The idea is strikingly simple and extremely elegant:

(0) It starts by observing that an R-module S is equally encoded by a functor S:R → Ab, where the ring R is now viewed as a preadditive category on one object, call it •. The R-module S is typically called the signal space in systems theory.

(1) This functor lifts by the universal property of the Abelian closure Abel(R) (which I mentioned in my talk at Topos) to an exact functor Eval_S: Abel(R) → Ab, which he calls the evaluation functor for reasons explained in the paper.

(2) The kernel of the evaluation functor is a Serre subcategory of Abel(R) and the Serre quotient category ab(S) := Abel(R) / ker(Eval_S) is the correct category of abstract behaviors, or "ambient category for behaviors”.

This concludes the construction. Furthermore:

(a) The exact functor Eval_S factors over the faithful exact functor F: ab(S) → Ab. The latter can be interpreted as a forgetful functor mapping an abstract behavior in ab(S) to its underlying Abelian group in Ab.

(b) A system module N = coker(A) ∈ R-mod is a finitely presented R-module on n generators.
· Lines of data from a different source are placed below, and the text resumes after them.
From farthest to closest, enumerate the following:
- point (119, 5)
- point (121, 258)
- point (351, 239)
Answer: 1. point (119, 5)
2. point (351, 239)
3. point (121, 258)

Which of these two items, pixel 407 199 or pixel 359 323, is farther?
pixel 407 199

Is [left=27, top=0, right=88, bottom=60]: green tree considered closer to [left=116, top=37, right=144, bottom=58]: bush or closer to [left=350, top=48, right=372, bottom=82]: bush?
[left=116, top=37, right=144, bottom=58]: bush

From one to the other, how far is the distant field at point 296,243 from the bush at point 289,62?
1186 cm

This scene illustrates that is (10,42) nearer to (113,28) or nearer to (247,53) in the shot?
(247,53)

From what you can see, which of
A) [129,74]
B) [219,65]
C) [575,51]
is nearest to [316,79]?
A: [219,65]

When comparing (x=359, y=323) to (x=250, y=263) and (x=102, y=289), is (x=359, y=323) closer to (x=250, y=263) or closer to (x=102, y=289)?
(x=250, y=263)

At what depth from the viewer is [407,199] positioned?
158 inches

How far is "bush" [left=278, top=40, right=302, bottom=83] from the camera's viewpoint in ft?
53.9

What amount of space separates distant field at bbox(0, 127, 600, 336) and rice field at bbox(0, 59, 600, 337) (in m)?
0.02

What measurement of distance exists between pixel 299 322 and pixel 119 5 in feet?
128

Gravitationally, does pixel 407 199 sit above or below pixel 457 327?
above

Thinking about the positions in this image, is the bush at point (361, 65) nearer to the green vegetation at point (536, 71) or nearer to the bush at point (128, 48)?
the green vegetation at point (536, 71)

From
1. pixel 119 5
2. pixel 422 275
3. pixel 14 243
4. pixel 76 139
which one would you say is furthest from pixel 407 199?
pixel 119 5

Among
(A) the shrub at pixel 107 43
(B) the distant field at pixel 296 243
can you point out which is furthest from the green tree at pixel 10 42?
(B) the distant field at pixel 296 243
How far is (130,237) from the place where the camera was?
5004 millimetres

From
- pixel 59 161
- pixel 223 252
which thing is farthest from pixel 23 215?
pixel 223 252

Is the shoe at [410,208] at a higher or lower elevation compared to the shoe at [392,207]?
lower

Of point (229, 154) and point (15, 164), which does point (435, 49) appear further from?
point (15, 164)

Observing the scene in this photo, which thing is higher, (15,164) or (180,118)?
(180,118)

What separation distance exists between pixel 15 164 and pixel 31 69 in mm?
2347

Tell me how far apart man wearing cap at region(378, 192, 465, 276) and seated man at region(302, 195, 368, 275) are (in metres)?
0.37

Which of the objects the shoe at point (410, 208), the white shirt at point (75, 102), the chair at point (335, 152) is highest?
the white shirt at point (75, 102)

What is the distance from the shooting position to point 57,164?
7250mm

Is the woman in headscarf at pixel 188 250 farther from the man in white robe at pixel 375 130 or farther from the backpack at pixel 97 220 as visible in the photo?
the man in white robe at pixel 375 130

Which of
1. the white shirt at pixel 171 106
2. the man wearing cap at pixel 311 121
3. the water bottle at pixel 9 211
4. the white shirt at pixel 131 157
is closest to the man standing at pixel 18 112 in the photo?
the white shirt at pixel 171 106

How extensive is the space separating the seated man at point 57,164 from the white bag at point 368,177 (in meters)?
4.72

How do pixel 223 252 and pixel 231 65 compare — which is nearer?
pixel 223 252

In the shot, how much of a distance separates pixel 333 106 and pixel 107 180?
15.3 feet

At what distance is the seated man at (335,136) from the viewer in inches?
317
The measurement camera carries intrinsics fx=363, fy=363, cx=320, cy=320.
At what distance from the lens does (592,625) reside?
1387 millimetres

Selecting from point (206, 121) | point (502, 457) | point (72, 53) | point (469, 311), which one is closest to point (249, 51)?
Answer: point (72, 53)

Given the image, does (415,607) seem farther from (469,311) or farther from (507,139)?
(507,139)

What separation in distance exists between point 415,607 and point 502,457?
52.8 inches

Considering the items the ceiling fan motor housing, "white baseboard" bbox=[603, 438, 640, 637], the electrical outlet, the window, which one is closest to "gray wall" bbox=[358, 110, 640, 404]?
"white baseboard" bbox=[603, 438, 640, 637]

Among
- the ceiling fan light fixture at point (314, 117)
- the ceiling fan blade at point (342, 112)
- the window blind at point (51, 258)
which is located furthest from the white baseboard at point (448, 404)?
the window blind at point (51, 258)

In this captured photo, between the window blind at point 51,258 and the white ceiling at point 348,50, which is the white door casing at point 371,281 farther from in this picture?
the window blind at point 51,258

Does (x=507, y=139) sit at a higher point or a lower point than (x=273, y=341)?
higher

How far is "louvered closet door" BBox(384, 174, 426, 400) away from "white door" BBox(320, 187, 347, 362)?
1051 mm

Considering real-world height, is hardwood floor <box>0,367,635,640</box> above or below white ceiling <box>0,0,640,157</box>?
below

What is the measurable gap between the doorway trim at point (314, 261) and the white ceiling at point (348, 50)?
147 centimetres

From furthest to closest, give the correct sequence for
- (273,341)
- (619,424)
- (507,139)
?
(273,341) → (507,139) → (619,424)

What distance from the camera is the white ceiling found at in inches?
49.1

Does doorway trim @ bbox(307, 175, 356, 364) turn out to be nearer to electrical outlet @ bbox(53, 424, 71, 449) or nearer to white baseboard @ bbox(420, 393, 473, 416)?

The R-matrix A with n columns is called its presentation matrix and viewed as a morphism between free R-modules of finite rank.
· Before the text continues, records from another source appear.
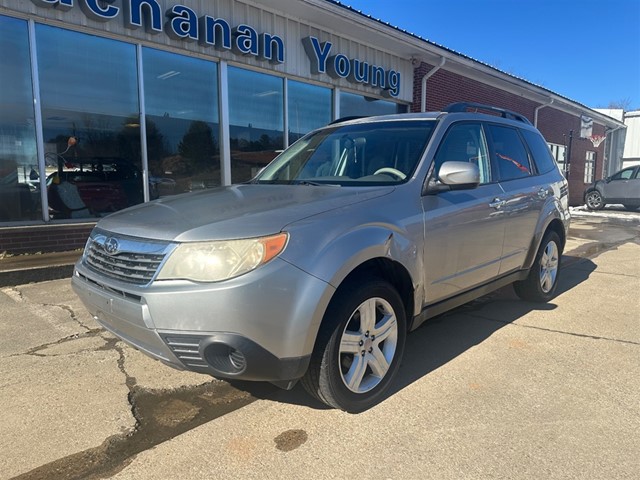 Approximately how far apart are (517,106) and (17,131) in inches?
630

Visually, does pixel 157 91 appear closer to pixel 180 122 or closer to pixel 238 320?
pixel 180 122

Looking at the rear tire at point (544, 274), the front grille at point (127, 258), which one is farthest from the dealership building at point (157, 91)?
the rear tire at point (544, 274)

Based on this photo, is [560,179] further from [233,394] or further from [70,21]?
[70,21]

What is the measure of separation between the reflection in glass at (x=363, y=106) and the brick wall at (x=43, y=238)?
21.4ft

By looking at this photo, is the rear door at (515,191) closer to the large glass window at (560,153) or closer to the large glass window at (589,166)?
the large glass window at (560,153)

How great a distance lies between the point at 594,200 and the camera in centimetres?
1852

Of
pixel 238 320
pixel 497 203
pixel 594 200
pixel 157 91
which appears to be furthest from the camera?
pixel 594 200

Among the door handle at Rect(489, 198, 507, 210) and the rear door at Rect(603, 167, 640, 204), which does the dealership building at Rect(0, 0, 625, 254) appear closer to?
the door handle at Rect(489, 198, 507, 210)

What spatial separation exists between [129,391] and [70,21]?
602 centimetres

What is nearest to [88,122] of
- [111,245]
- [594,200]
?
[111,245]

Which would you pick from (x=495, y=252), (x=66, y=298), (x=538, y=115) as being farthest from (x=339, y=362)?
(x=538, y=115)

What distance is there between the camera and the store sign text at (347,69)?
395 inches

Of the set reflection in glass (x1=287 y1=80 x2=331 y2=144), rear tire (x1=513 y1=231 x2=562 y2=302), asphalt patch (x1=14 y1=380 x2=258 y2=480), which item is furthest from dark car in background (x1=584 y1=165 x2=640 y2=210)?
asphalt patch (x1=14 y1=380 x2=258 y2=480)

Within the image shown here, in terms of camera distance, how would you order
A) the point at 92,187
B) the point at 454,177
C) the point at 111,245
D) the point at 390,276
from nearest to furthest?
the point at 111,245 < the point at 390,276 < the point at 454,177 < the point at 92,187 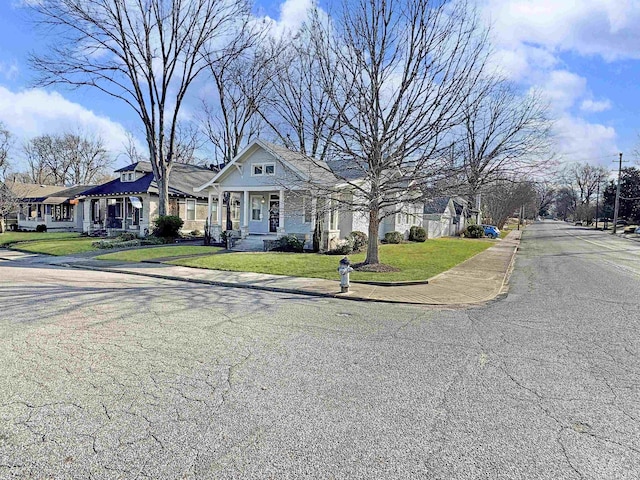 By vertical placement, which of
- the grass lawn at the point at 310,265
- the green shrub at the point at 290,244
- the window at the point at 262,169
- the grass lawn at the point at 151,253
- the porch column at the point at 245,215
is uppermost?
the window at the point at 262,169

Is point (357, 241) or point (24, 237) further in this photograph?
point (24, 237)

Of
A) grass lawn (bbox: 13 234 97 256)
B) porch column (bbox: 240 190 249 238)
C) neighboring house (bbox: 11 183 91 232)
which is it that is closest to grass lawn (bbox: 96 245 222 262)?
porch column (bbox: 240 190 249 238)

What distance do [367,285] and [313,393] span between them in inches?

(c) The Abelian group Hom(N,S) = \{x \in S^n | Ax = 0\} ∈ Ab of solutions over S (= S-trajectories) can now be interpreted as an object in the highly more structured subcategory ab(S) ⊂ Ab of behaviors. In other words, Hom(-,S): R-mod → Ab factors over Hom(-,S): R-mod → ab(S). Post-composing with F yields back the classical, less structured behavior functor Hom(-,S): R-mod → Ab.

(d) So a typical object in ab(S) is the space Hom(N,S) = \{x \in S^n | Ax = 0\} of solutions of a system module N. When an object in ab(S) is not a space of solutions it is then an “abstract” behavior, justifying the name of ab(S).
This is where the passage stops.